> _What this task involves_: Below are records to transcribe exactly, without their pictures.

> _Data listing_:
+---+

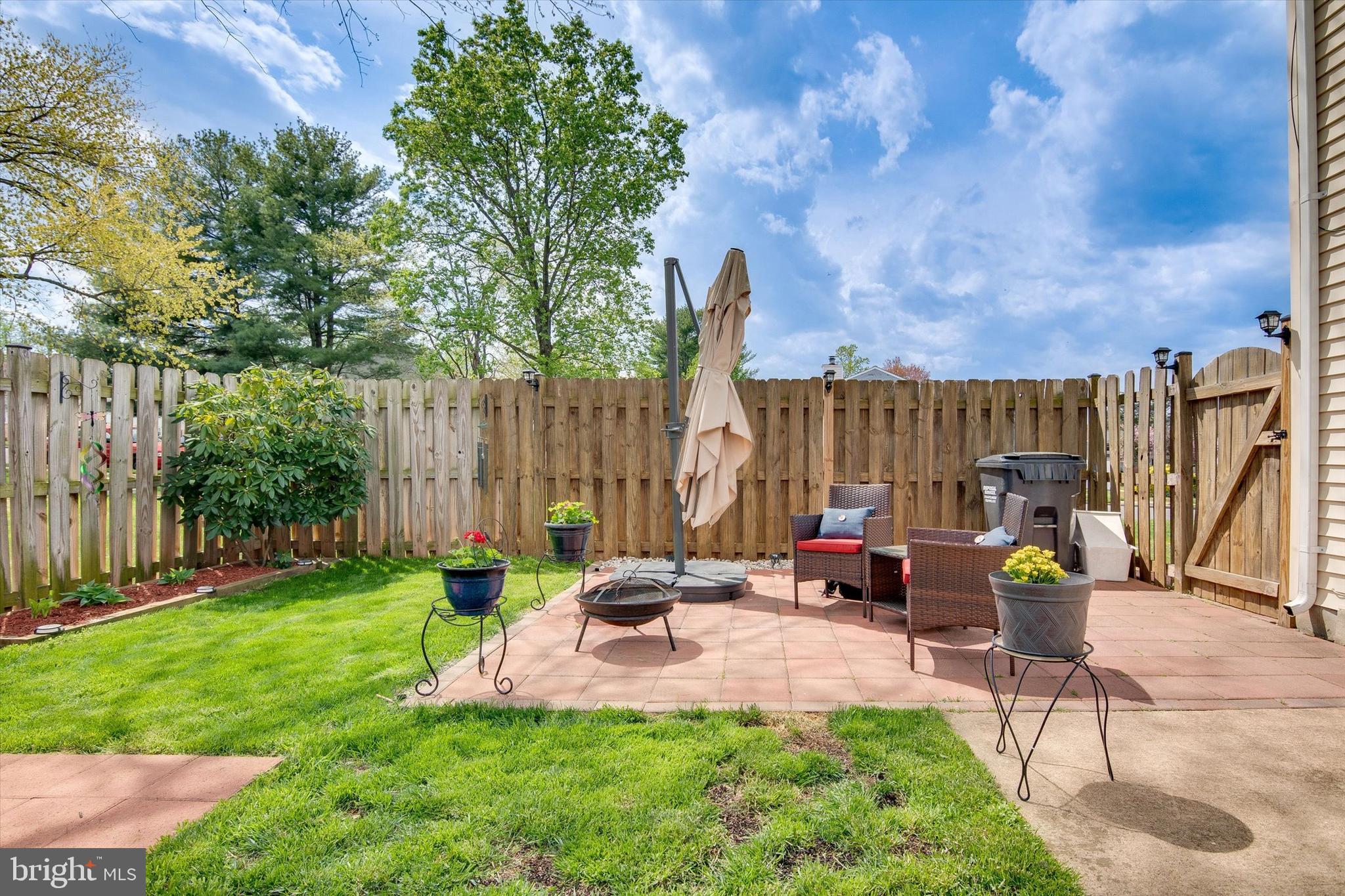 GREENWOOD FARM - Residential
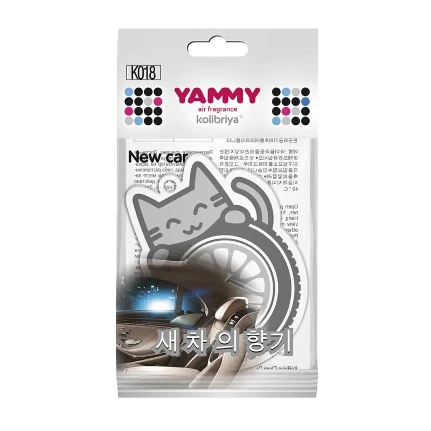 0_ha_product_card_feed
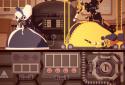Alice : Lost Pieces screenshot 7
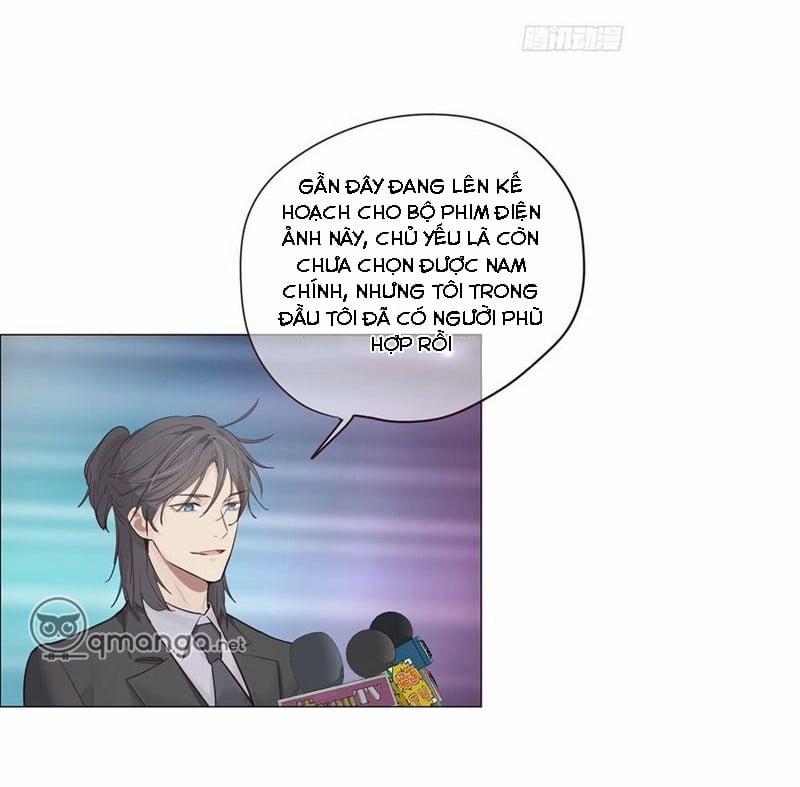 Tương Nhu Dịch Mộc 13 trang 20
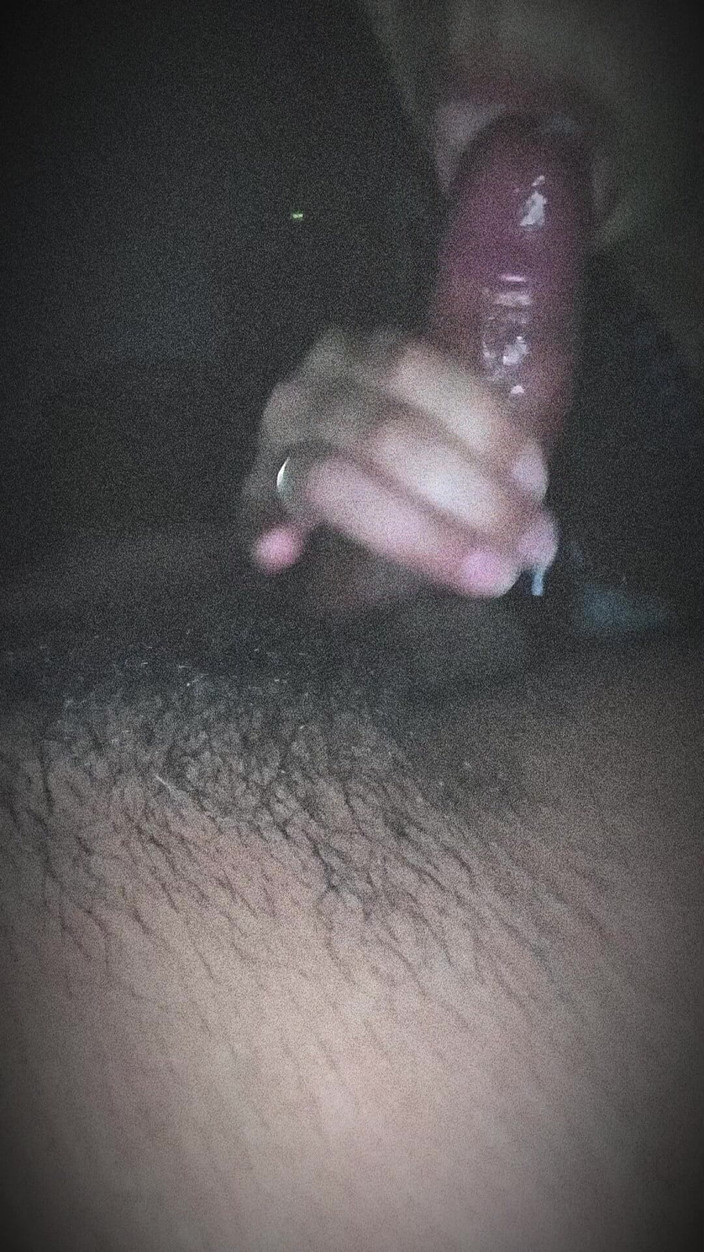 lathinos: Sperma lutschen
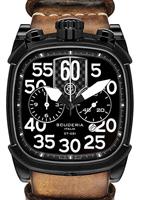 Ct Scuderia Watches CS70105N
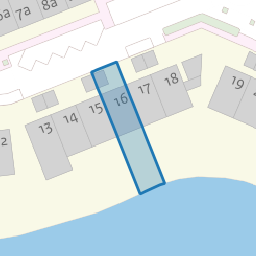 Perceel LDM00-C-3698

+---+

> _Your response_:
 GREENWOOD FARM - Residential
 0_ha_product_card_feed
Alice : Lost Pieces screenshot 7
 Tương Nhu Dịch Mộc 13 trang 20
 lathinos: Sperma lutschen
 Ct Scuderia Watches CS70105N
 Perceel LDM00-C-3698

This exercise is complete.